Mark Gonyea Spills Design Secrets
Born in northern New York seven years before he saw Star Wars for the first time, Mark spent the better portion of my early life watching tv, going to movies and playing video games. Little did he realize this was to be the essential ground work for a career in cartooning and graphic design.
A Book About Design: Complicated Doesn't Make It Good takes a most creative approach to introducing young (and not-so-young) readers to the fundamental elements of design. Using simple shapes, lines, and a sense of humor, this book explains why complicated doesn't make it good-and why that matters. Mark Gonyea opens up the world of design and makes it accessible to young artists and non-artists alike.

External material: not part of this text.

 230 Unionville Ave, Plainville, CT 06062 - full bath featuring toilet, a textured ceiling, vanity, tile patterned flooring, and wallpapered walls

Another Book About Design: Complicated Doesn’t Make It Bad
In A Book About Design, Mark Gonyea taught us why a complicated design does not necessarily mean a good design. Now he's back in super-heroic form to demonstrate that the beauty of "complicated" can be found in its underlying simplicity.
Mesmerizing to look at and easy to understand, this book breaks down more design concepts and lets you see through the eyes of a graphic designer.
A Book About Color
Beginning with the six houses on Color Street—red, orange, yellow, green, blue and purple—and concluding with the introduction of the color wheel, in this follow-up to A Book About Design Mark Gonyea explains how artists visualize and choose colors. A Book about Color uses simple building blocks of color, shape, and design to introduce young artists to the world of color theory.
A Wish For Elves
The holiday season can be stressful, even for a kid. But when one boy makes a wish for a little holiday help, he gets more than he bargained for. And what will Santa do without his elves? Mark Gonyea uses comic-strip styling to great effect in this clever picture book.
If You Have to Ask…
"Does this dress make me look fat?"
"Are we there yet?"
"Would you like a million dollars?"
What do you think? If You Have to Ask... takes life’s most ubiquitous—and annoying—questions and reveals that the answer is always “Yes” or always “No.”
Refreshingly simple illustrations and tongue-in-cheek text combine to provide an amusing perspective on dealing with common situations and the obvious questions we encounter everyday. Each spread features a universal question, a graphic “Yes” or “No” check box with a pithy (and often sardonic) punch line, plus wonderfully quirky and original illustrations.